• _Exercise_: When you reach the line that contains "des kiwis empailles", give it back exactly along with each line after it to the end of the entries; skip any pictures.

• _Records from a collection_:
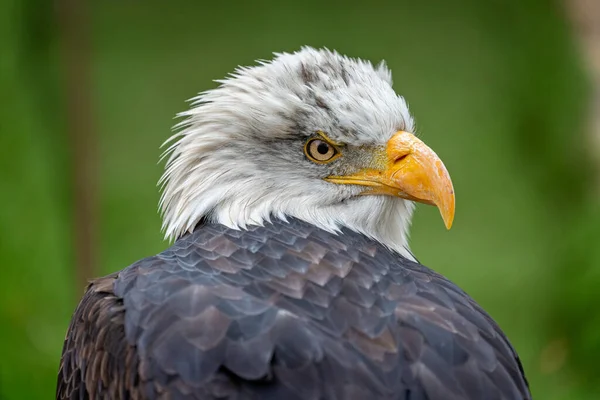 Vista Cercana Del Perfil Águila Calva Adulta — Foto de Stock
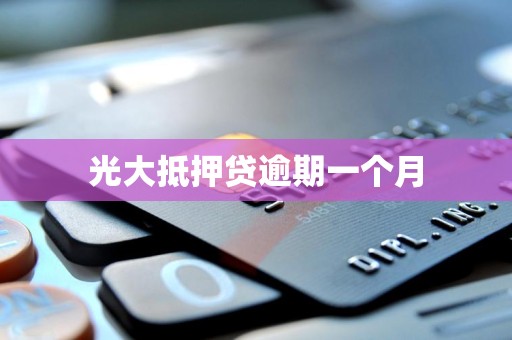 光大抵押贷逾期一个月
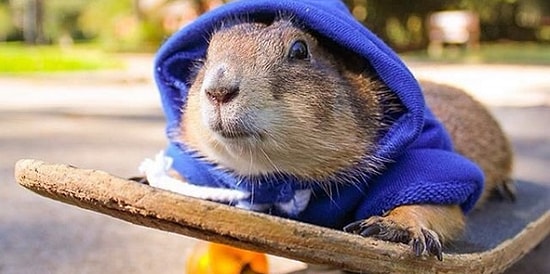 Луговые собачки - мастера косплея: от Пикачу до скейтера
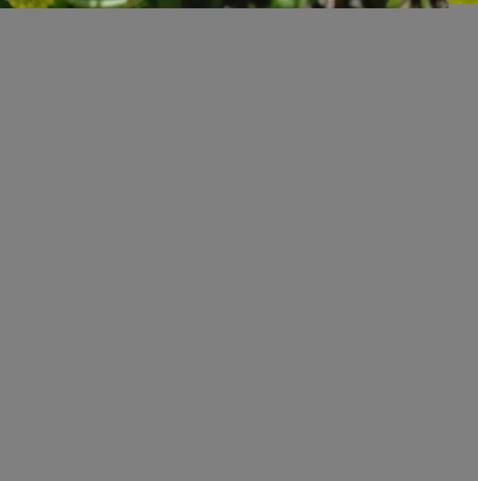 Shades of green on oval leaves. Shades of bright yellow on rounded clusters of tiny flowers.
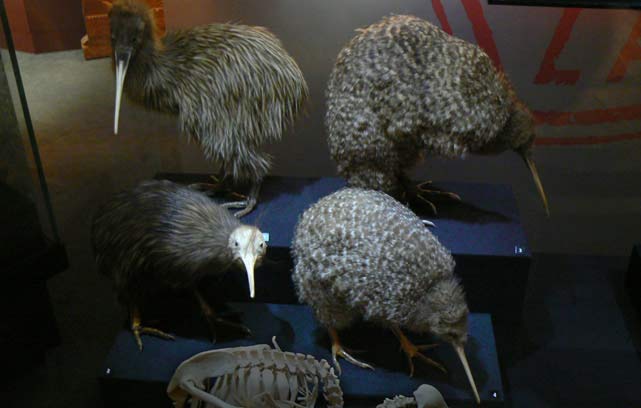 des kiwis empailles au Musee Te Papa a Wellington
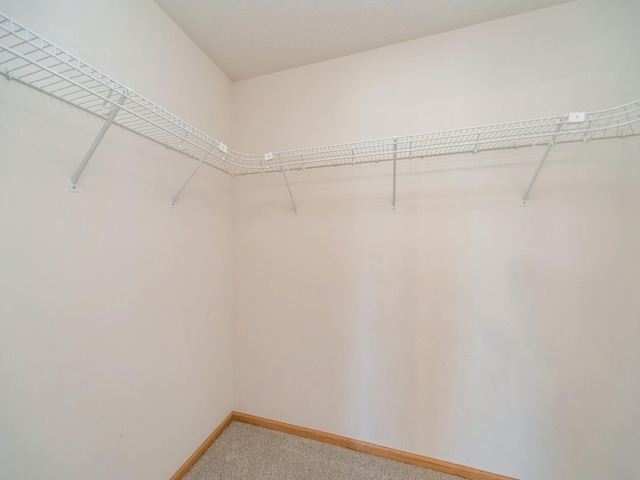 1904 NW Ashton Ln Unit 3, Ankeny, IA 50023 - spacious closet with light colored carpet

• _Exercise result_:
 des kiwis empailles au Musee Te Papa a Wellington
 1904 NW Ashton Ln Unit 3, Ankeny, IA 50023 - spacious closet with light colored carpet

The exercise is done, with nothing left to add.